Radio Monique's arrival onboard Ross Revenge didn't quite go exactly to plan. In December 1984 extremely bad weather resulted in generator and transmitter problems, together with storm damage to the 300ft aerial - preventing both Caroline and Monique from broadcasting, albeit intermittently, between December 1984 and January 1985.
A Force 10 gale on 6th January resulted in Ross Revenge dragging her anchor at which point the emergency services were alerted, and transmissions were temporarily shut down. Thankfully, Ross Revenge was able to sail under her own steam back to her previous anchorage accompanied by the Walton on the Naze lifeboat. The problems however did not end there. Whilst Radio Caroline were able to return to air, damage caused by the extreme weather prevented Radio Monique from resuming their broadcasts.
After a relatively trouble free six months broadcasting from Ross Revenge, Radio Moniques's woes were set to return in the form of the UK Governmnet DTI surveillance vessel 'Dioptric Surveyor' which anchored roughly between Ross Revenge and The Communicator (Laser 558's Radio Ship), with the express intention of preventing tendered supplies reaching either ship. - and the Dutch authorities determination in taking Radio Monique off air.
Unlike the UK Government, the Dutch authorities chose to take action against Radio Monique back on land by targetting suppliers and those involved with advertising and promoting the station. These actions proved successful to the Dutch authoritites by essentially cutting off much needed supplies and financial support.
January 1986 - by now both Radio Caroline and Radio Monique were starting to feel the pinch of the authorities' interference. Monique in particular were increasingly being starved out of financial support from their backers, but also delivery of much needed new material to broadcast to their listeners was also being hampered by the authorities.
30th January 1986 and Ross Revenge and her crew were yet again subjected to bad weather - this time in the form of a Force 8 gale whilst anchored in the Knock Deep, just outside of UK territorial waters.
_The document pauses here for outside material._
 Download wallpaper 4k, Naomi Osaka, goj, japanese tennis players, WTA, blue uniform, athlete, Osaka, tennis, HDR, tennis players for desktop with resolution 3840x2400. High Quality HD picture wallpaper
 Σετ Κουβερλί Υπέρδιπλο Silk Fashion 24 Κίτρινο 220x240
With a broken anchor chain Ross Revenge drifted some 10 miles, close to the Tongue Lightship, placing her inside territorial waters. On this occasion the Sheerness Lifeboat came to the rescue escorting her back to her previous anchorage where the ship's emergency anchor was brought into action. Whilst Radio Caroline were able to resume broadcasting (on 558kHZ) relatively quickly, the Radio Monique transmitter remained silent for a couple of days after - resuming service on 963kHZ on 2nd February.
On the evening of October 15th 1987 a hurricane caused extensive damage across southern England, with Ross Revenge finding herself in the path of the storm. Suprisingly, given that vast areas of the south east suffered devastation, Ross Revenge encountered what appeared at the time to be only minor damage - enabling both Radio Caroline and Radio Monique to continue broadcasting. With exception to a few outages, transmissions continued relatively unhindered until the latter part of November 1987.
In the interim between October and November, Radio Monique were forced to change from their 693kHZ frequency to 819kHZ due to a Finnish radio station, Radio Yleis, broadcasting on the same frequency with much stronger transmissions.
24th November 1987 saw another storm hit Ross Revenge. Although not as ferious as the previous October hurricane, the storm caused signifcant damage to both the Diplexer and the 300ft mast, resulting in the mast collapsing - and signalling the end of Radio Monique's broadcasting period from onboard Ross Revenge.